Doohan got his revenge three years later with the publication of his memoir, Beam Me Up, Scotty. He kept it brief but concise. “I have to admit, I just don’t like the man,” he wrote of Bill. “And, as has been well-documented elsewhere, he didn’t exactly have a knack for generating good feelings about him. It’s a shame that he wasn’t secure enough in himself or his status to refrain from practicing that sort of behavior.”5

Star Trek Memories was released in December 1993 and generated generally positive reviews. Publisher’s Weekly called it “candid, captivating . . . packed with stellar anecdotes and backstage lore,” while the New York Times praised the book: “Sprinkled throughout this memoir are wonderful bits of gossip” that “even non-Trekkers will find engaging.”6 Kirkus Reviews thought that “there’s enough here to satiate the most avid Trekker, delivered with pop and pizazz,” while People magazine called Star Trek Memories “a breezy, entertaining memoir.” The hardcover book hit the bestsellers list and remained there through 1994, when HarperCollins published a paperback edition.

* * *

As the calendar turned to 1994, Bill kept up his frenzied work schedule, plowing ahead with movies, television shows, and books—almost as if he was trying to keep the personal wolves at bay. The year ahead would prove to be a difficult one for the sixty-three-year old actor, who faced the breakup of his marriage, scathing assessments from several of his Star Trek costars, and legal problems. There was some positive news—his return to the big screen as Captain Kirk, the television series premiere of TekWar—but overall, 1994 was best viewed for Shatner in his rearview mirror.

The year began inauspiciously. In February, Bill and Marcy announced their plans to divorce after twenty-plus years of marriage. The writing was on the wall; to anyone who knew the couple’s rocky history, it couldn’t have been a surprise. Bill’s roving eye was legendary, and he’d settled two palimony suits brought against him. Marcy reportedly threw him out of the house several times; it seemed only a matter of time before their marriage irreparably imploded.
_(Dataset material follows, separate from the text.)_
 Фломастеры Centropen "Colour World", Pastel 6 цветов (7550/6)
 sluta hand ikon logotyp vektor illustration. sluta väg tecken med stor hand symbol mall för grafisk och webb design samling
Bill and Marcy issued a public statement calling their divorce “amicable” and admitted that they had been separated for several months. “Life took us apart and it was time to move on,” Marcy said diplomatically. “We both share the highest regard for one another and our loved ones.”7

“I hadn’t learned anything from the failure of my first marriage,” Bill wrote in his memoir Up Till Now. “Marcy and I had a very passionate relationship; when we were in love, we were really in love, but when I got angry . . .”8 Their divorce, finalized in 1996, cost Bill around $8 million.9 He also forked over their luxury condo in Vail, Colorado, and their time-share homes in Mexico and Indonesia. There was one unusual clause in their divorce agreement: each year, Bill was to provide Marcy, who continued to breed horses, with fresh samples of semen from one of his prized stallions. (Frozen sperm wouldn’t cut the mustard.) That proviso would, like one of Bill’s stallions, rear its head further down the road.

The year 1994 also saw the publication of Nichelle Nichols’s book, Beyond Uhura: Star Trek and Other Memories, and George Takei’s memoir, To the Stars. Both painted unflattering portraits of Bill, and both were unsparing in their antipathy toward their former costar.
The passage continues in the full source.